I’ve said it before many times: One reason employment law is so interesting is that just when you think you’ve figured things out, you can rediscover little quirks in the law that you may have overlooked on first glance.
My latest example came last week when an out-of-state lawyer and friend called me to discuss a legal concept. He wanted to talk about intermittent FMLA leave for adoption or foster care.
Simple enough, you think. Intermittent leave is required by the FMLA, you recall, from dealing with employees with a serious health condition. So the same should hold true for foster care placements, right?
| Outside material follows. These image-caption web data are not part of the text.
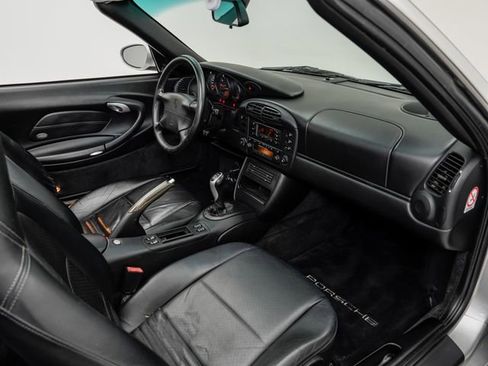 Used 2000 Porsche 911 Carrera RWD image 12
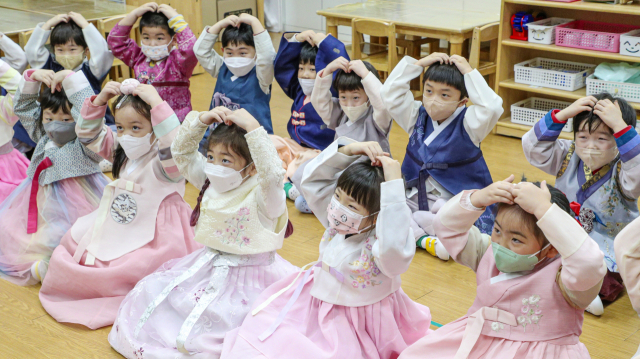지난달 외신은 세계 최저 수준인 한국의 합계출산율(0.78)에 대한 보도를 쏟아 냈다. 올 1월 12일 부산 부산진구청 어린이집에서 원생들이 한복을 입고 세배하는 법을 배우고 있다. 부산일보DB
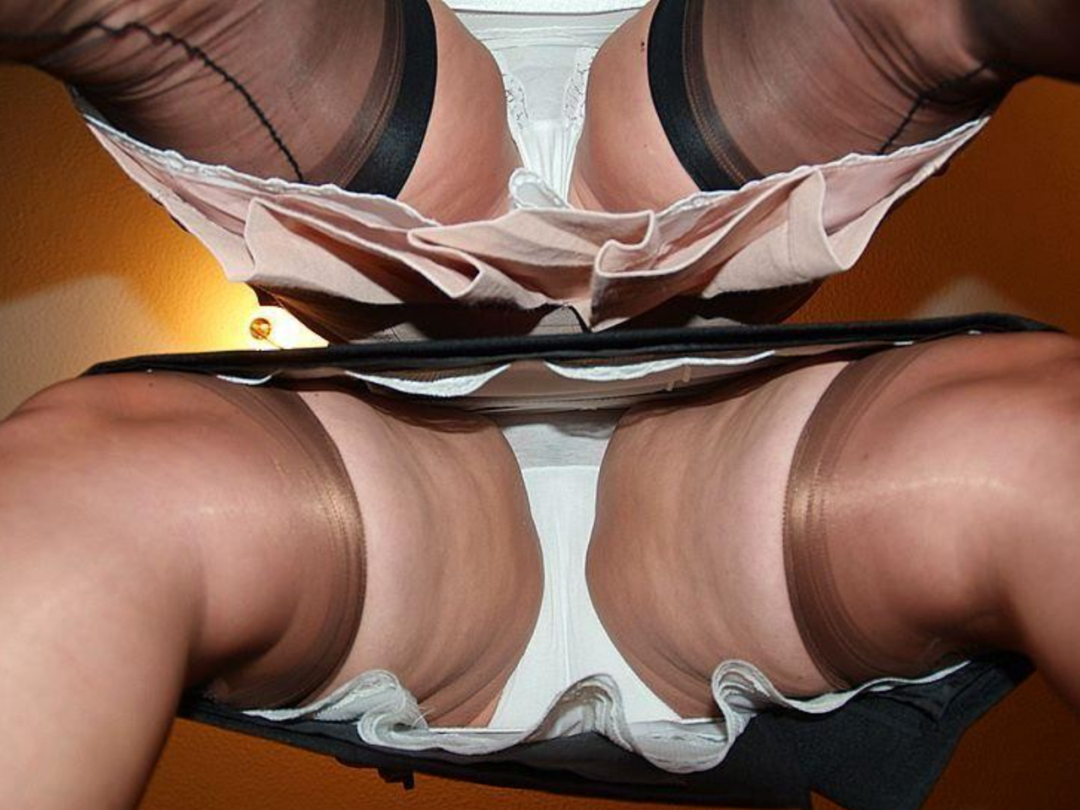 Bragas debajo de la falda en pantimedias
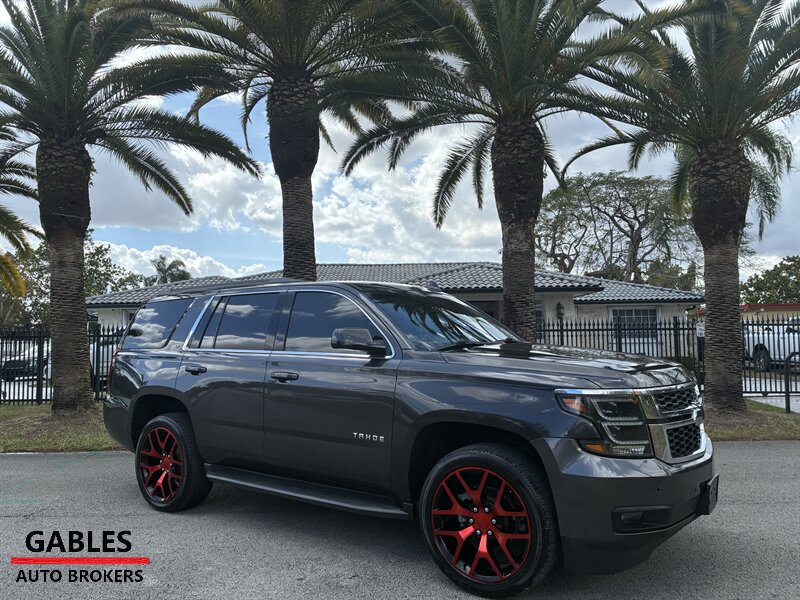 2018 Chevrolet Tahoe LT   - Photo 1 - Miami, FL 33165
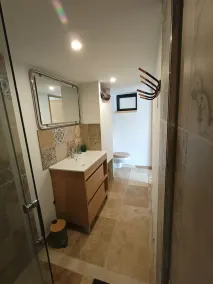 Gîte de charme avec jacuzzi face au Mont Ventoux - Image 3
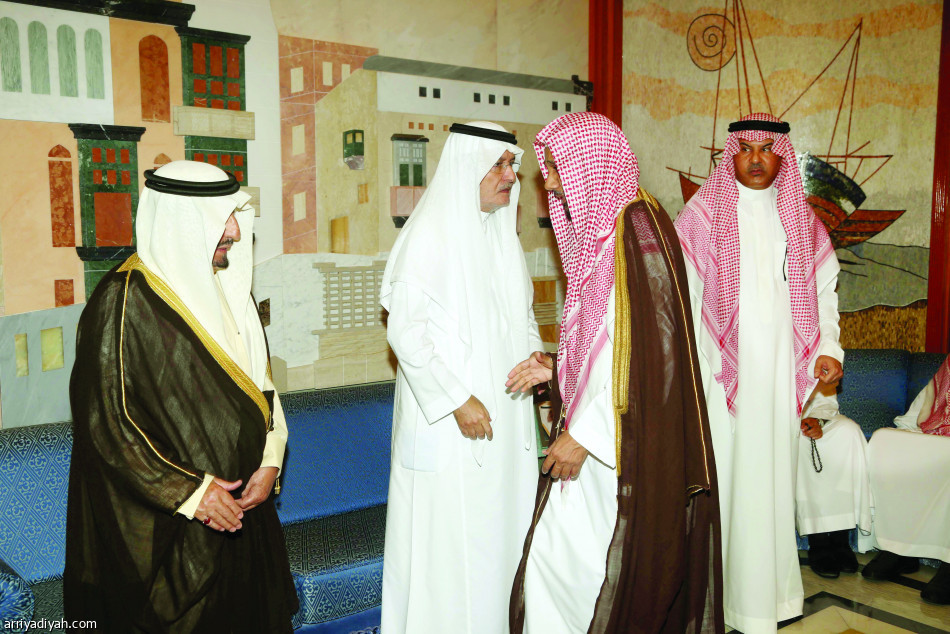 خالد بن عبد الله يستقبل المعزين في منزله بجدة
But then you go to the FMLA regulations. And it’s not quite what you think it is. The relevant regulation (29 C.F.R. 825.121) states:
An eligible employee may use intermittent or reduced schedule leave after the placement of a healthy child for adoption or foster care only if the employer agrees. Thus, for example, the employer and employee may agree to a part-time work schedule after the placement for bonding purposes. … The employer’s agreement is not required for intermittent leave required by the serious health condition of the adopted or foster child.
Notably, this langauge is the same for the birth of a healthy newborn child as well.
So, suppose that six months after the child is adopted, the employee wants to take 4 weeks off for bonding time. That request probably falls within a normal FMLA request. It’s not intermittent or reduced leave; it’s just time off. (Typically unpaid, unless the employer’s policy requires or allows paid time off for that time.)
But suppose that, after six months, the employee wants to take a day off each week for 12 weeks for bonding time. Under the FMLA regulation cited above, the employer has the discretion to allow such intermittent time off when the placement involves a healthy child.
Under Connecticut’s FMLA, the same concepts (under Conn. Regs. Sec. 31-51qq-14) apply, for the most part.
For employers, not all employment laws are intuitive. They can be confusing and conflicting. Even when you think you know the answer, it can be helpful to review the applicable regulations or check with legal counsel to make sure that the answer you think you know, is the right answer after all.
And if you ever get a request for intermittent leave for the birth or adoption of a healthy child, now you know that employers have some discretion on whether to allow such leave.